Our reactions were very different though. She was all happy and felt loved and all that -- I felt mostly neutral, with a hint of appreciation and a hint of irritation. I just don't trust my dad as far as I can throw him. I feel like this letter is yet another of his 'sorry you got hurt, but I did the best I could' bullshits. No, no you didn't do the best you could. You never tried to grow or learn or be a good dad -- you were content with not being an alcoholic who beat his kids. That's not the best you could. It was the best you could at that stage, yes, but you could have grown.

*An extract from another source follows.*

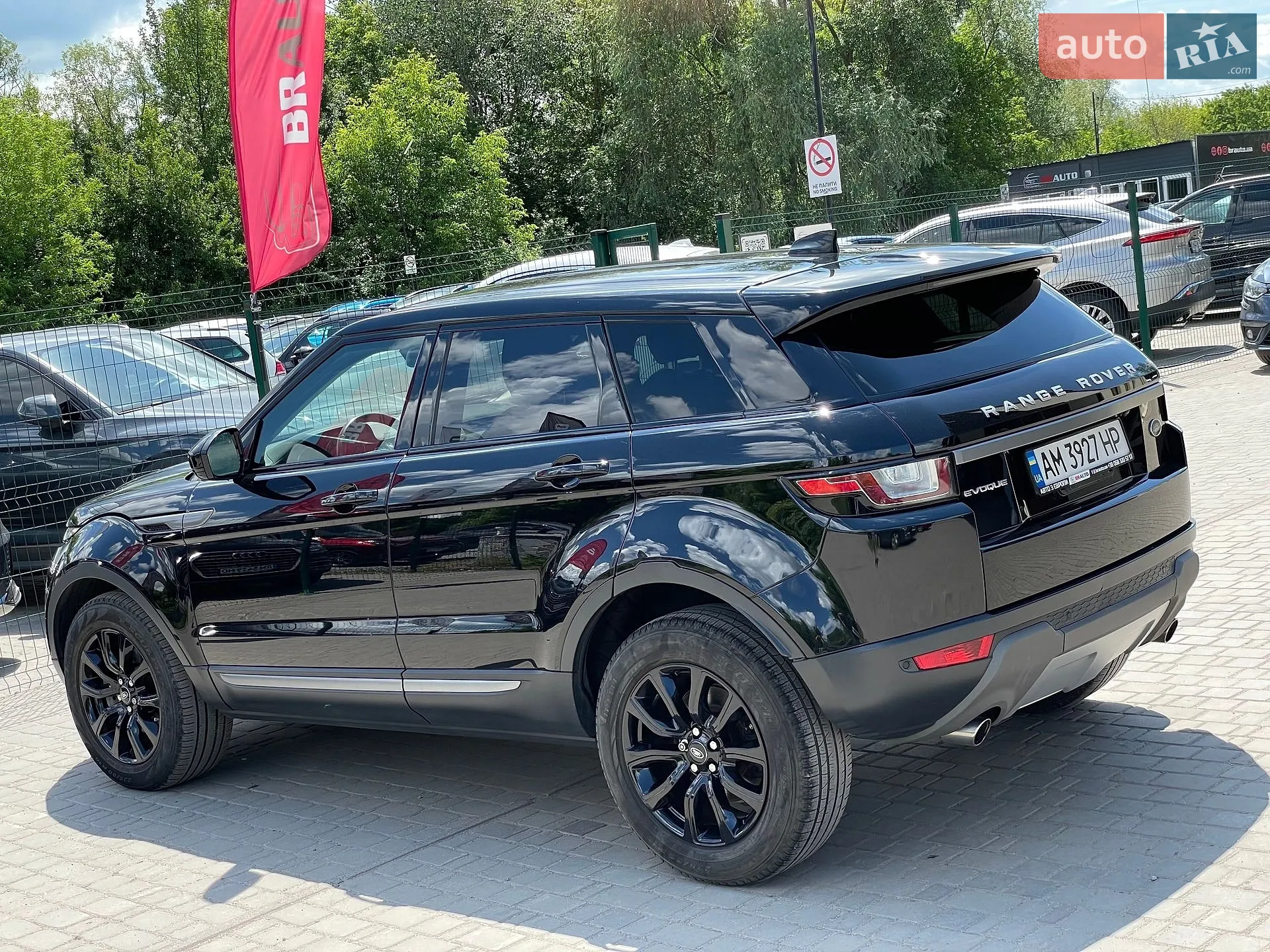 2017 Land Rover Range Rover Evoque - мініатюра 19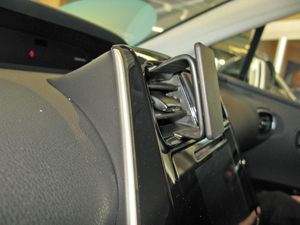 Brodit Montážny držiak ProClip pre Toyotu Prius 16-23, na stred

If I could sit down with him and list every significant wound he's dealt me and have him apologise for every one and really mean it, not defending anything but just being sorry that he did whatever because it hurt me -- then I could forgive him. Otherwise I can't see how I'll ever want him to be a part of my life at all. Hopefully I'll find another way to forgive him, because the listing thing is probably impossible -- it'd take a month.
He and my mom try to contact me all the time, but that is NOT out of real love, despite what they think. Real love says, "I want to bless you, I want to understand you, I want to connect with you." They want to contact me because they want me to comfort them, advise them, listen to their problems. They want me to be their parent, and I ain't gonna. Nineteen years of that was enough for me. When they start reaching out to me because they want to comfort me and help me and bless me, then I will believe that they love me, and maybe I will allow them in my life.